Mojca Miklavec mojca.miklavec.lists at gmail.com
Thu Jul 21 02:52:31 CEST 2005

Christopher Creutzig wrote:
> Hans Hagen wrote:
> >> So why not mapping the characters to unicode first and defining the
> >> mapping from unicode to \TeXcommand only once? regi-* files (at least
> >> in the meaning they have now) could be prepared automatically by a
> >> script, less error-prone and without the need to say "Some more
> >> definitions will be added later."
> >>
> > you mean ...
> >
> > \defineactivetoken 123 {\uchar{...}{...}}
> >
> > it is an option but it's much slower and take much more memory
>
>   I may be wrong, of course, but I think Mojca proposed something
> different (and something that should be really easy to implement):  Have
> the unicode vectors stored in a format easily parsed by an external ruby
> script and create the regi-* files from that, using the conversion
> tables provided by your operating system or iconv or wherever ruby gets
> them from.

Yes, I had something different in mind.

A1.) prepare the files to be used as a source of transformation from
"any" character set to utf and prepare a list of synonyms for
encodings

(example: a file that says that in ISO-8859-2, character 0xA3
represents an unicode character 0x0141 (lstroke): for every character,
for every Mac/Windows/iso/[...] encoding that we want to support)

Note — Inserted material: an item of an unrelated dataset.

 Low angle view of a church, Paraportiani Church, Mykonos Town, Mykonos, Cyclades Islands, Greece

A2.) write a script which automatically generates regi-* files from
those files, but regi-* files would contain only the mapping to
unicode number

(example:
\startregime[iso-8859-2]
...
\somecommandtomapacharactertounicode {163}{1}{65} % lstroke
...
\stopregime)

A3.) prepare a huge file with mapping from unicode numbers to ConTeXt commands

(example:
...
\somecommandtomapfromunicodetocontext {1}{65}{\lstroke}
...)

A4.) ... I don't mind what ConTeXt does with this \lstroke afterwards,
but it seems it is already clever enough to produce the (proper) glyph
at the end

What should ConTeXt do with that?
B1.) The file under A3 should be processed at the beginning. As it may
become really huge, exotic definitions should be only preloaded if
asked for (\usemodule[korean]), while there is probably no harm if
(accented) latin, greek, cyrillic and punctuation (TM, copyright, ..)

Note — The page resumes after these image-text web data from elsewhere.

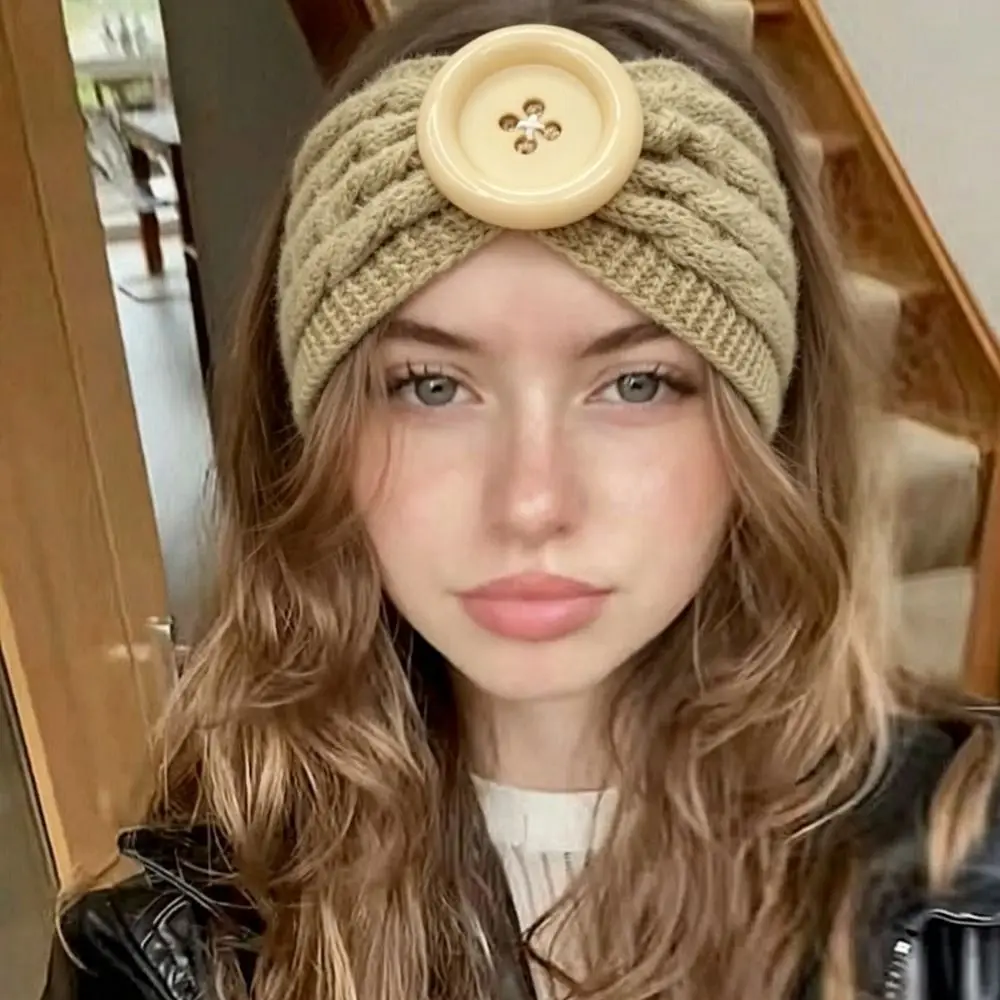 Cable Knit Knitted Headband Soft Stretch Knitted Fabric Ear Warmer Headband Twisted Front Wide Band Turban Headband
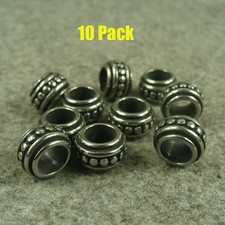 10 PACK Stainless Steel Bracelet Beads Beard Bead Paracord Lanyard LB321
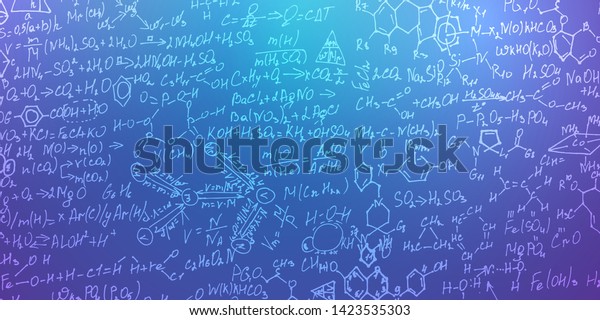 Scientific Formulas Molecules Handwritten Formulas Backgroundletters Stock Vector Royalty Free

B2.) Once the \enableregime[iso-8859-2] or any other regime is
requested, the file with the corresponding regime definitions is
processed. However, as \somecommandtomapacharactertounicode
{163}{1}{65} is processed, the character '163' is not stored as
\uchar{1}{65}, but as \lstroke. '\somecommandtomapacharactertounicode'
would first take a look which ConTeXt command is saved under
\uchar{1}{65} and call the
\defineactivetoken 179 {\lstroke} as a result.

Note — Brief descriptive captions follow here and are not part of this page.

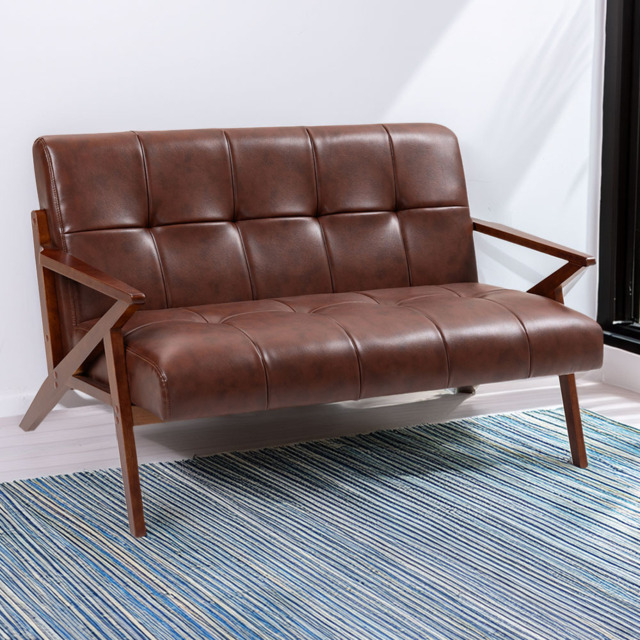 HOMCOM 2 Seater Brown Vintage Sofa - Wilko - image 1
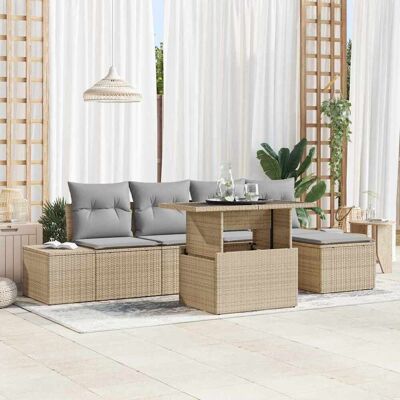 vidaXL Garten-Sofa-Set mit Speicher 6 pcs Beige Poly Rattan - Beige vidaXL Garten-Sofa-Set mit Speicher 6 pcs Beige Poly Rattan - Beige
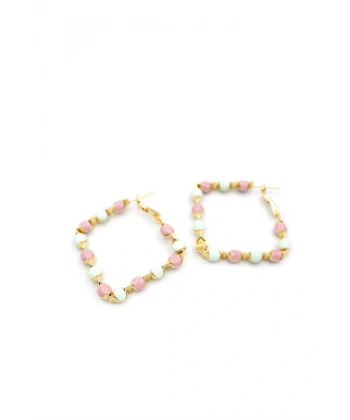 biçomi Mineli Halka Küpe - Pembe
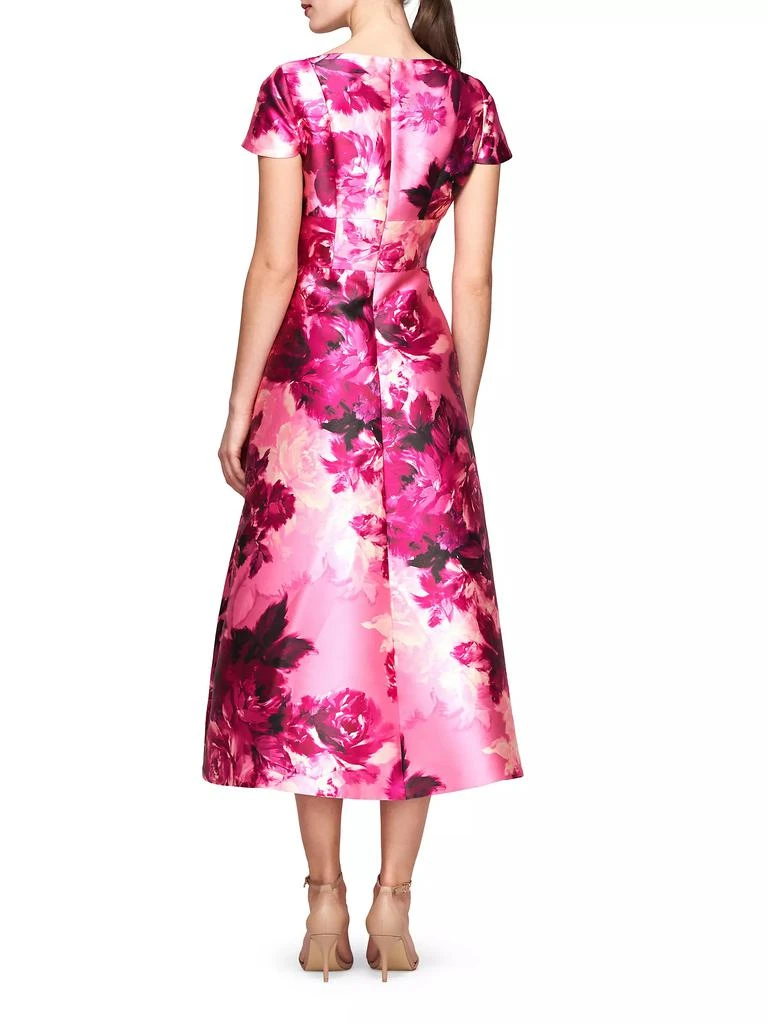 Kay Unger Tierney Floral Tea-Length Dress 3
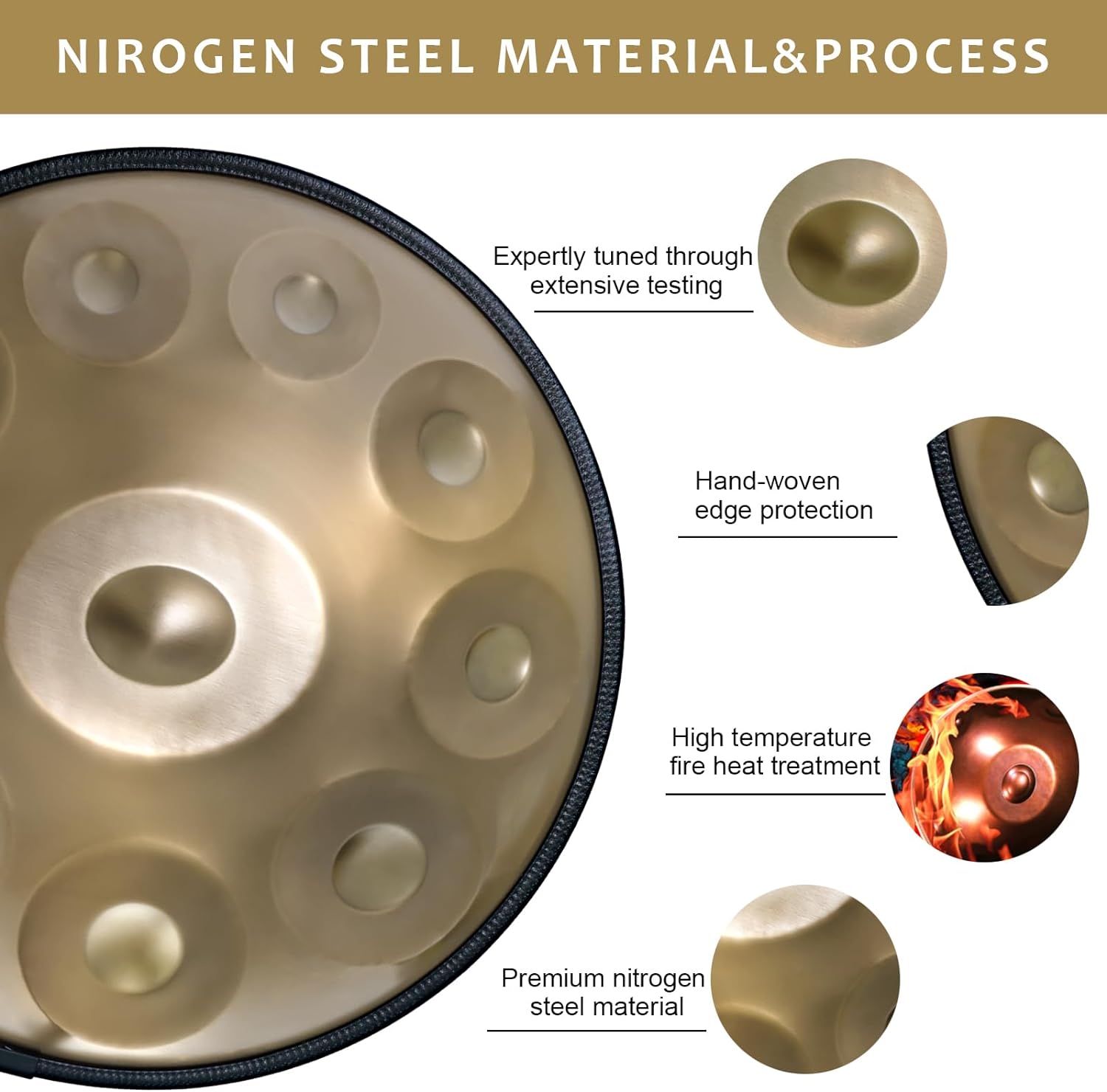 Handpan Drum 22 Inches D Minor Kurd, 432Hz 10 Notes Hand Drum Instrument, Premium Steel Drum, Handpan Instrument for Adults (Gold)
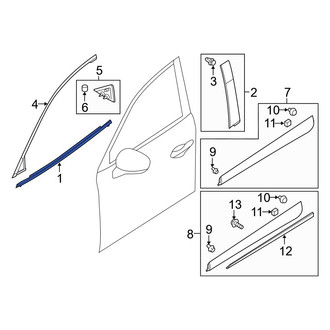 Mazda OE - Front Left Door Belt Molding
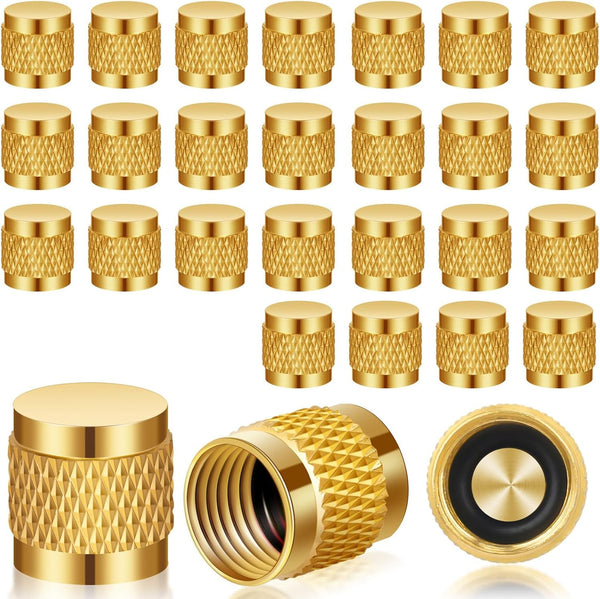 1/4'' Flare Cap, Round Brass HVAC Locking Caps with Neoprene O-Ring Seal, AC Service Valve Caps (25 Pcs)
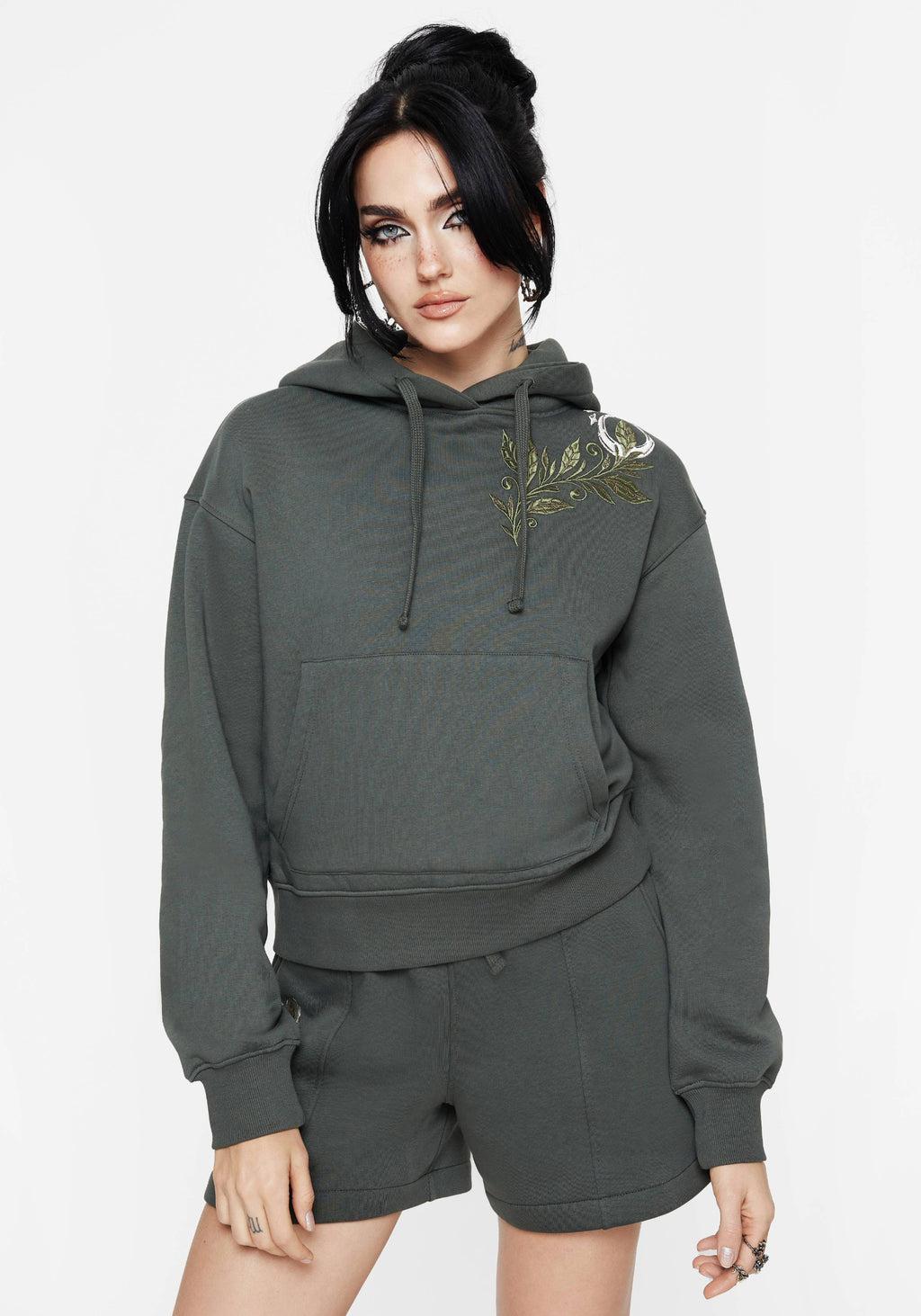 Nirah Cotton Cropped Crop Hoodie Product Image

I don't know the details of the ConTeXt internal stuff, but I think
(hope) that it should be possible to do it this way. B1 (preloading
mapping from unicode to tex commands) is probably the only "hungry"
step in the whole story.

I think that it doesn't make any sense to ask the user to "\input
regi-whatever". \enableregime and some additional definitions should
be clever enough to find out which file to process in order to enable
the proper regime.

%%%%%%%%%%%%%%%%%%%%%

Christopher's idea is actually yet another alternative, which combines
the steps A2 and A3. If the mapping unicode->ConTeXt is in some
easy-to-parse format, there's actually no additional effort if the
script writes directly the ConTeXt commands instead of unicode numbers
into regi-* files, so that B2 has some less work to do. As long as it
is guaranteed that nobody will change these files manually, this is
OK. The only drawback is that if someone notices that "\textellipsis"
is more suitable than "\dots", the script has to be changed and the
files have to be generated once more. If the character is mapped to
(0x2026 HORIZONTAL ELLIPSIS) instead, only one line in the file with
unicode->ConTeXt mapping (A3) has to be changed.

If B2 cannot work as described, the Christopher's proposal would be
the only proper way to go.

%%%%%%%%%%%%%%%%%%%%%

I wanted to test \showcharacters on the live.contextgarden.net (as
Hans suggested that my map files are probably not OK), but it didn't
compile there. (I hope it's not because of my buggy contributions in
the last few days.)

Is there any tool or macro to visialize all the glyphs available in a
font? \showcharacters (if it works) shows only the glyphs that ConTeXt
is aware of. What about the rest?

Mojca